もうひとつは、その「衣食に不自由しない」、消費社会特有の変化です。1988年の西武百貨店の有名なコピー「ほしいものが、ほしいわ」(糸井重里)は、「ほしいもの」を探し出さなければいけない滑稽さを見事に表しています。

消費社会というのは、基本的な物欲が満たされてしまい、ほしいと思う気持ちを作り出さなければいけない社会。つまり欲求があって商品があるのではなく、広告によって、「ほしいと思う気持ち」を作り出すことに成功して初めてものが売れるという、「奇妙な」社会なのです。「ほしいものが、ほしいわ」はバブル絶頂期の倒錯した消費欲と、そのありかを探せない売り手の苦悩を、見事に表しています。

アメリカのクリスマス

短期間ですが、何度かアメリカに暮らして、クリスマスを過ごしたことがあります。もちろんアメリカでも、クリスマスはプレゼントの日なのですが、それ以上になんといっても、キリスト教の最も重要な祝日です。感謝祭が終われば、いろんなところで募金活動が始まり、スーパーにはフードドライブといって、生活に困る人たちに贈る缶詰を入れる、大きなドラム缶が置かれていました。

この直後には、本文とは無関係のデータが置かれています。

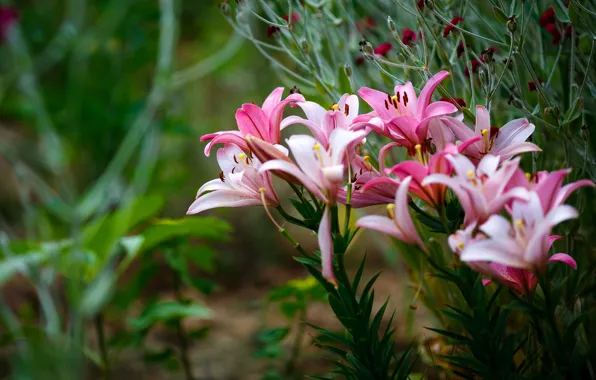 Summer, flowers, Lily, garden, pink, flowerbed, carnation, bokeh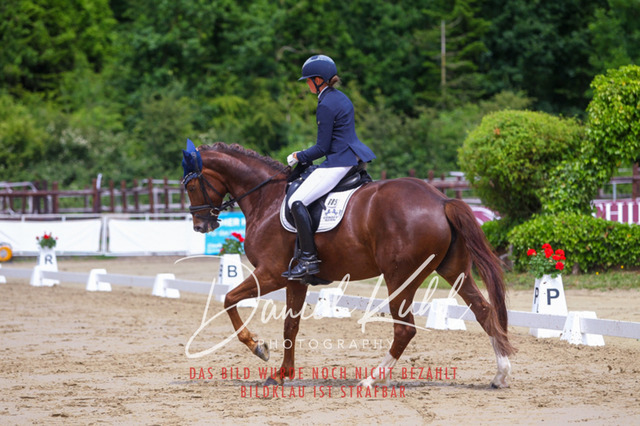 DKP46080 | Turniersportfotografie; Pferdefotografie; Dressurfotografie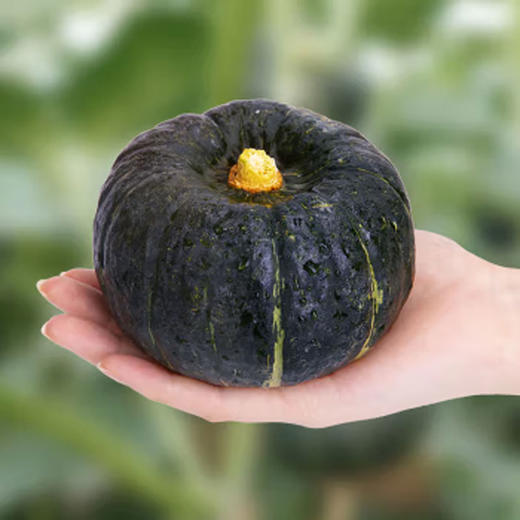 佐禧佑福 山东正宗贝贝南瓜 粉面香甜小南瓜 香甜软糯产地直发 商品图6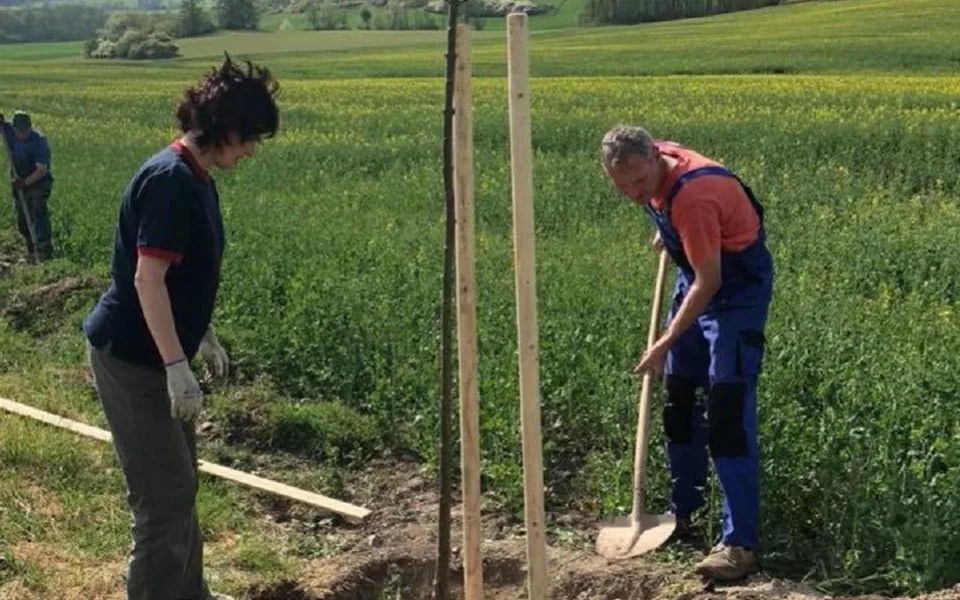 V Čepřovicích na Strakonicku tamní rodiny vysázely podél místní komunikace novou stromovou alej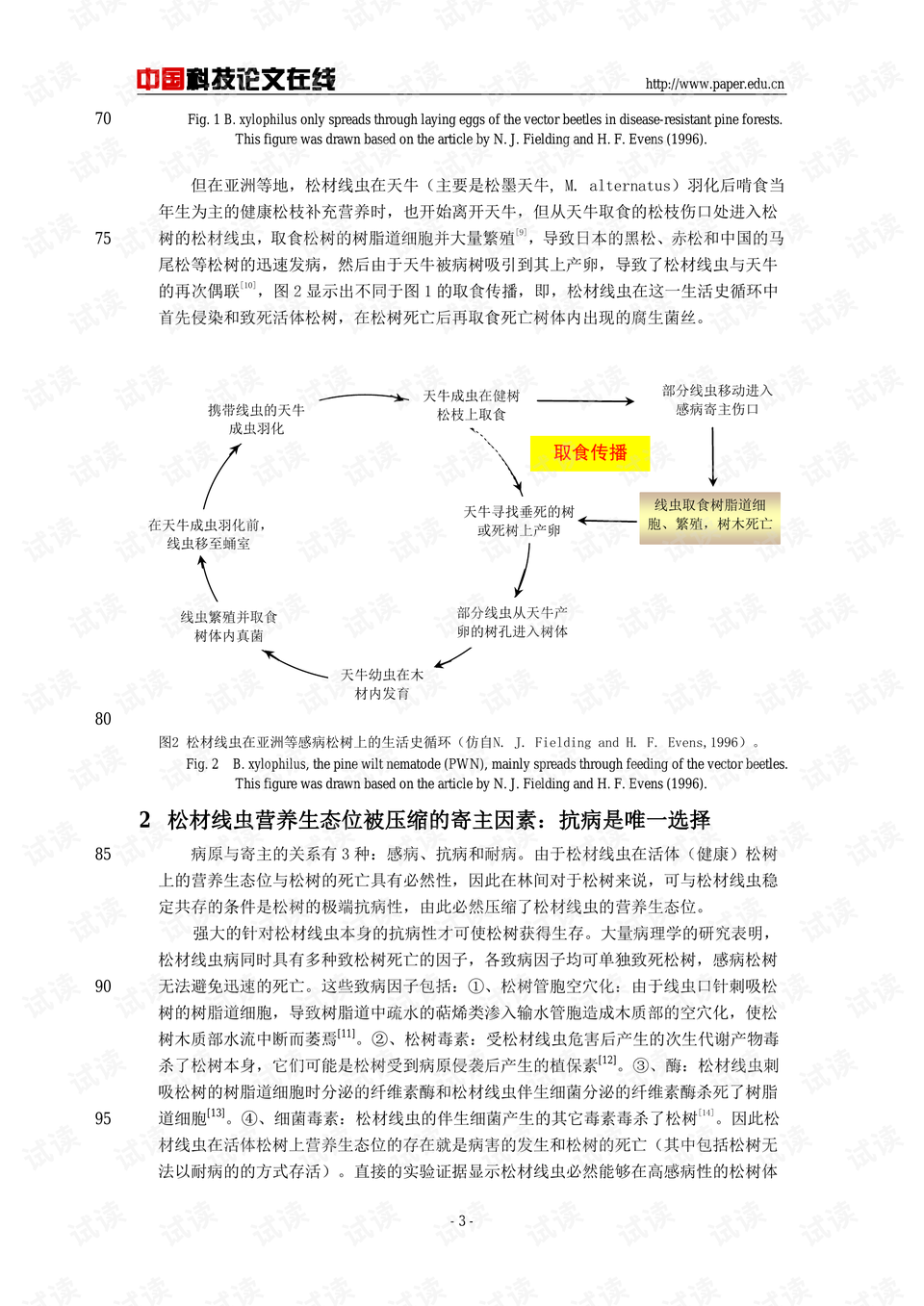 意境作品：含义、举例、析及标题与文案撰写指南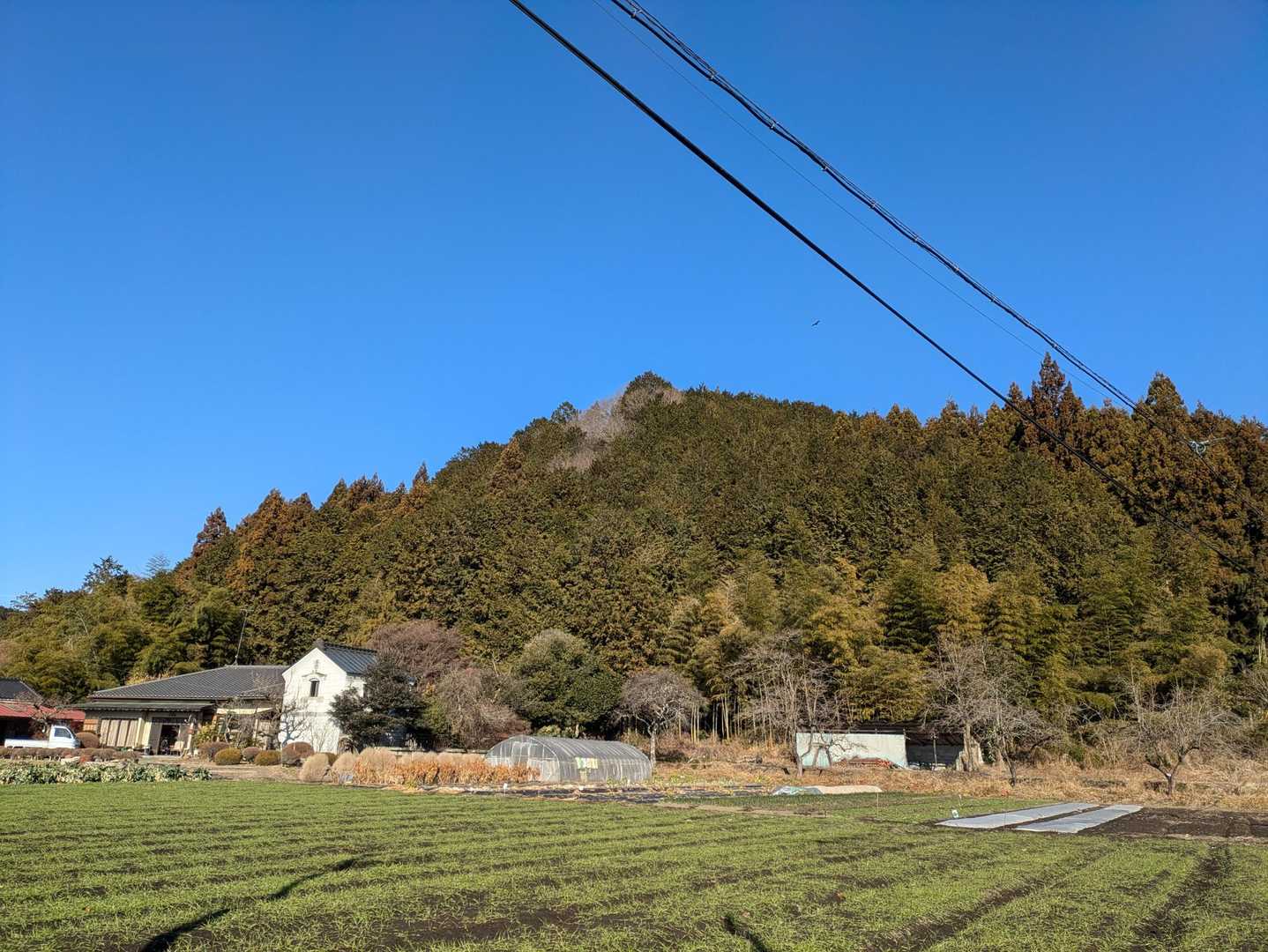 次は愛宕山へﾃｸﾃｸ(･ω･o*)-8｡｡｡
サクッと⤴⤵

最近「あれ?」と思ったのは、「メリークリスマス!」一辺倒ではなくなったことでした。住んでいた地域が特にリベラルだったのも一因だと思いますが、ユダヤ教の人は「ハヌカー」、アフリカン・アメリカンには「クワンザ」という、それぞれの宗教的・文化的祝祭があるのだという議論が起き、あいさつは「メリークリスマス!」の代わりに「ハッピー・ホリディズ!」と言う人が増えました。前回も取り上げた「政治的に正しい用語法(PC terms)」の一種です。クリスマスカードで、「メリークリスマス」の代わりに「シーズンズ・グリーティングス(季節のごあいさつ)」と書かれたものが出てきたのも、その影響です。